◆ **Exercise**
All lines from the one containing "Orange printed a-line" through the end of the data below are to be transcribed exactly. Leave out the rest.
#### Source material
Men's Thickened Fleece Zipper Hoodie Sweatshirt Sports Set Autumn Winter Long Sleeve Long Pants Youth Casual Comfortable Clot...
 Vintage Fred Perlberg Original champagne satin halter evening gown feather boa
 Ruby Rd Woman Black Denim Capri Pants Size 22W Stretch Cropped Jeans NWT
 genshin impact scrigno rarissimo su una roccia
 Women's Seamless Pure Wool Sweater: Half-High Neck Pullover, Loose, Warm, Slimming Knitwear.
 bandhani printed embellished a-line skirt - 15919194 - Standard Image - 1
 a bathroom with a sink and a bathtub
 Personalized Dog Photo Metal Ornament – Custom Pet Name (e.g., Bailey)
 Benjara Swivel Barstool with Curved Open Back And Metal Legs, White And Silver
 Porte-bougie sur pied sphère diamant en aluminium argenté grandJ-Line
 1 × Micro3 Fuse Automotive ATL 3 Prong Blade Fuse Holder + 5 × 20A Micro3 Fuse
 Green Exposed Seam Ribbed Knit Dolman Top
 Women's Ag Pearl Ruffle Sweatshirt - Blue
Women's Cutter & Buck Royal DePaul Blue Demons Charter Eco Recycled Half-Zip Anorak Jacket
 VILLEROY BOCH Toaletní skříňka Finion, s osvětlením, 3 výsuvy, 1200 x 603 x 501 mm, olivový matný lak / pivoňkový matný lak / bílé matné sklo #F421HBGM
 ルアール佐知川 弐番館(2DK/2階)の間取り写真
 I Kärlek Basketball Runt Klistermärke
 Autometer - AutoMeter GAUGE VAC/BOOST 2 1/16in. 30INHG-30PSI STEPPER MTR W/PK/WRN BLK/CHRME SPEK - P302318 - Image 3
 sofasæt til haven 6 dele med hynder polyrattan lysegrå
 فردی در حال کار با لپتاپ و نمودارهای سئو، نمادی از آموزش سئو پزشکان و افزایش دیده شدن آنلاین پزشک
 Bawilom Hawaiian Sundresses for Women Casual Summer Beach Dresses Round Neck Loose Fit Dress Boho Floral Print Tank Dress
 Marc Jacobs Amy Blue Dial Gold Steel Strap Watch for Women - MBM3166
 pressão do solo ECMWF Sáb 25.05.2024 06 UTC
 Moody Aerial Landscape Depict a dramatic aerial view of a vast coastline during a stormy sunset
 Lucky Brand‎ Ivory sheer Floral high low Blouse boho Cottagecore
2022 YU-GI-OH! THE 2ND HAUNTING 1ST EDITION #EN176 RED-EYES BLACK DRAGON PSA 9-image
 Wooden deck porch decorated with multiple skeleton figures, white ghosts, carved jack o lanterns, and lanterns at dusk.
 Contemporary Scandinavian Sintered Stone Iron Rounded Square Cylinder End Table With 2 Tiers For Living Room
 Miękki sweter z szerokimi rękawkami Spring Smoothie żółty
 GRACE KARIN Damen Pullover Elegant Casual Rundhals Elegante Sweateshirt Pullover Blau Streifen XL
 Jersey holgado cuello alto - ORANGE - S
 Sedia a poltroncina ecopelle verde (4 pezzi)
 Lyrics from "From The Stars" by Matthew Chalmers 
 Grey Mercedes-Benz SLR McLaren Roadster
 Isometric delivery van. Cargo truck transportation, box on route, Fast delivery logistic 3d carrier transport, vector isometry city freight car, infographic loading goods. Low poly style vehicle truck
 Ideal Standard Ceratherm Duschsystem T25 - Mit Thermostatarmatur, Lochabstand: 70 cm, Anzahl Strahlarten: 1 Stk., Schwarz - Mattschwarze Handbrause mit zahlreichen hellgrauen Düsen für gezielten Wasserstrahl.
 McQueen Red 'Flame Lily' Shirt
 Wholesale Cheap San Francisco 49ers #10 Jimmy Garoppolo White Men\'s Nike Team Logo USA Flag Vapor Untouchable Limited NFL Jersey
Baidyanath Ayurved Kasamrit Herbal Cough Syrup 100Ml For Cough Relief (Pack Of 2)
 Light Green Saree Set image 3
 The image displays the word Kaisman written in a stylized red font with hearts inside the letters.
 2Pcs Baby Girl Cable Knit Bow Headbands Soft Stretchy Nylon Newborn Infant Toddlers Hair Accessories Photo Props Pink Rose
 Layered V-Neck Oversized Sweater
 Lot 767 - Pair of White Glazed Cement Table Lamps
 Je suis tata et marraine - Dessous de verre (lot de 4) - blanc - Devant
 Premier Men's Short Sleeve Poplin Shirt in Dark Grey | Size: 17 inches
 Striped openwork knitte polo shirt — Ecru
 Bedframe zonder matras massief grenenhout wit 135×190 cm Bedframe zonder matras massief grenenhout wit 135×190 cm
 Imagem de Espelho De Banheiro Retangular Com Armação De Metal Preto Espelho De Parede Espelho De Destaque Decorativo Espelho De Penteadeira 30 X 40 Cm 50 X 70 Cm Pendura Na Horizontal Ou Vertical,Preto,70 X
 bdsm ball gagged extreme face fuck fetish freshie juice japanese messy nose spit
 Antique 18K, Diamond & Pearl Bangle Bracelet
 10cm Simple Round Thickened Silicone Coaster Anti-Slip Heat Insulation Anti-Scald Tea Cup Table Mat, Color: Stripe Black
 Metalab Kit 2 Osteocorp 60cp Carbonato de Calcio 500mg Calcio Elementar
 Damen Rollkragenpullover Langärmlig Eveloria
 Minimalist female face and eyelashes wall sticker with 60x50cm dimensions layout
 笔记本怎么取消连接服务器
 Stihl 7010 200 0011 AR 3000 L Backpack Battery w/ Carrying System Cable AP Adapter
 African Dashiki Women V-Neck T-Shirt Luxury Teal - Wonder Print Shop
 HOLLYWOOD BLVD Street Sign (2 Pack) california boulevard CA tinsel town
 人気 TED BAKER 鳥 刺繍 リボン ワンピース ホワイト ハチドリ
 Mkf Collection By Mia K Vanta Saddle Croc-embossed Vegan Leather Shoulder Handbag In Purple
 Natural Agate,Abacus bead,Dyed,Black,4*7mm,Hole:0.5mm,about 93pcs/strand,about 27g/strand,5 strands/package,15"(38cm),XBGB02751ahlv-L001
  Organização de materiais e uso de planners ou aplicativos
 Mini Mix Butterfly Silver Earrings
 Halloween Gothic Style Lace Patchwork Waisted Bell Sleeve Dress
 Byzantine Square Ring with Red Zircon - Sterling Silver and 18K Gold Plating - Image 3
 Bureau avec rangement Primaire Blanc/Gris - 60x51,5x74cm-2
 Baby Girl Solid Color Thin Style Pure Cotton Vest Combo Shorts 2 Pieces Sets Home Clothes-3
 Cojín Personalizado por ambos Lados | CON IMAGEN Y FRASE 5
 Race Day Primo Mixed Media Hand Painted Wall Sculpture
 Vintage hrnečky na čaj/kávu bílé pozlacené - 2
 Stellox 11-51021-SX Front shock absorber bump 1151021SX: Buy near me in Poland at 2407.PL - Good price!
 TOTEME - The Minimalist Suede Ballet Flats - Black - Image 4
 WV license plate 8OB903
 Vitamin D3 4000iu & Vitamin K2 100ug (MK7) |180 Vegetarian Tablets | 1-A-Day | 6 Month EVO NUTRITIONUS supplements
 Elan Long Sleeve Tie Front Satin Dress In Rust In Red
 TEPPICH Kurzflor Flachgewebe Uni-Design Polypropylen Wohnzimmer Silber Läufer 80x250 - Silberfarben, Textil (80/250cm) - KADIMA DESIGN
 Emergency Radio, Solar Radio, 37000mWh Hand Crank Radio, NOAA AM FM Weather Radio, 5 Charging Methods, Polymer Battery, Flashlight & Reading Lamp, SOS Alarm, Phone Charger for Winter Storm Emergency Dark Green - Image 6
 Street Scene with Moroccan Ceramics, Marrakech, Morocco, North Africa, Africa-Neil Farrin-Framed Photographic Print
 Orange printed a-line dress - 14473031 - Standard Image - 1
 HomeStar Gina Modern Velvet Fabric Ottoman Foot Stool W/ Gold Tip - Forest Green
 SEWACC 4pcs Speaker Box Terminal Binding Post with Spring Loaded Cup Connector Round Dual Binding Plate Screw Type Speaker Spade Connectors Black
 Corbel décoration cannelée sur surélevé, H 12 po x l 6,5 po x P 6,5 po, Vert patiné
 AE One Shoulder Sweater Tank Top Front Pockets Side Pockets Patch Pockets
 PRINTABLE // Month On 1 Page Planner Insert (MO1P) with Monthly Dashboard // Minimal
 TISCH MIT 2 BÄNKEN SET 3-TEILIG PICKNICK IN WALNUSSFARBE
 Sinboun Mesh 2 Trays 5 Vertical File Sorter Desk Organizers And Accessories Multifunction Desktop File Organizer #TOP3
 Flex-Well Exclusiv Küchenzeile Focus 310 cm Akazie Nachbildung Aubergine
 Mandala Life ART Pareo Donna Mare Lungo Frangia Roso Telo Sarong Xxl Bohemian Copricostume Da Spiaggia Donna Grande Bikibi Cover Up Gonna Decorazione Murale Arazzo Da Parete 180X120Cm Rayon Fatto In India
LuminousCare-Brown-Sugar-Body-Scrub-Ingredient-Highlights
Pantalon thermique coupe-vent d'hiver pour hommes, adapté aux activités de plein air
########
◆ **Exercise solution**
 Orange printed a-line dress - 14473031 - Standard Image - 1
 HomeStar Gina Modern Velvet Fabric Ottoman Foot Stool W/ Gold Tip - Forest Green
 SEWACC 4pcs Speaker Box Terminal Binding Post with Spring Loaded Cup Connector Round Dual Binding Plate Screw Type Speaker Spade Connectors Black
 Corbel décoration cannelée sur surélevé, H 12 po x l 6,5 po x P 6,5 po, Vert patiné
 AE One Shoulder Sweater Tank Top Front Pockets Side Pockets Patch Pockets
 PRINTABLE // Month On 1 Page Planner Insert (MO1P) with Monthly Dashboard // Minimal
 TISCH MIT 2 BÄNKEN SET 3-TEILIG PICKNICK IN WALNUSSFARBE
 Sinboun Mesh 2 Trays 5 Vertical File Sorter Desk Organizers And Accessories Multifunction Desktop File Organizer #TOP3
 Flex-Well Exclusiv Küchenzeile Focus 310 cm Akazie Nachbildung Aubergine
 Mandala Life ART Pareo Donna Mare Lungo Frangia Roso Telo Sarong Xxl Bohemian Copricostume Da Spiaggia Donna Grande Bikibi Cover Up Gonna Decorazione Murale Arazzo Da Parete 180X120Cm Rayon Fatto In India
LuminousCare-Brown-Sugar-Body-Scrub-Ingredient-Highlights
Pantalon thermique coupe-vent d'hiver pour hommes, adapté aux activités de plein air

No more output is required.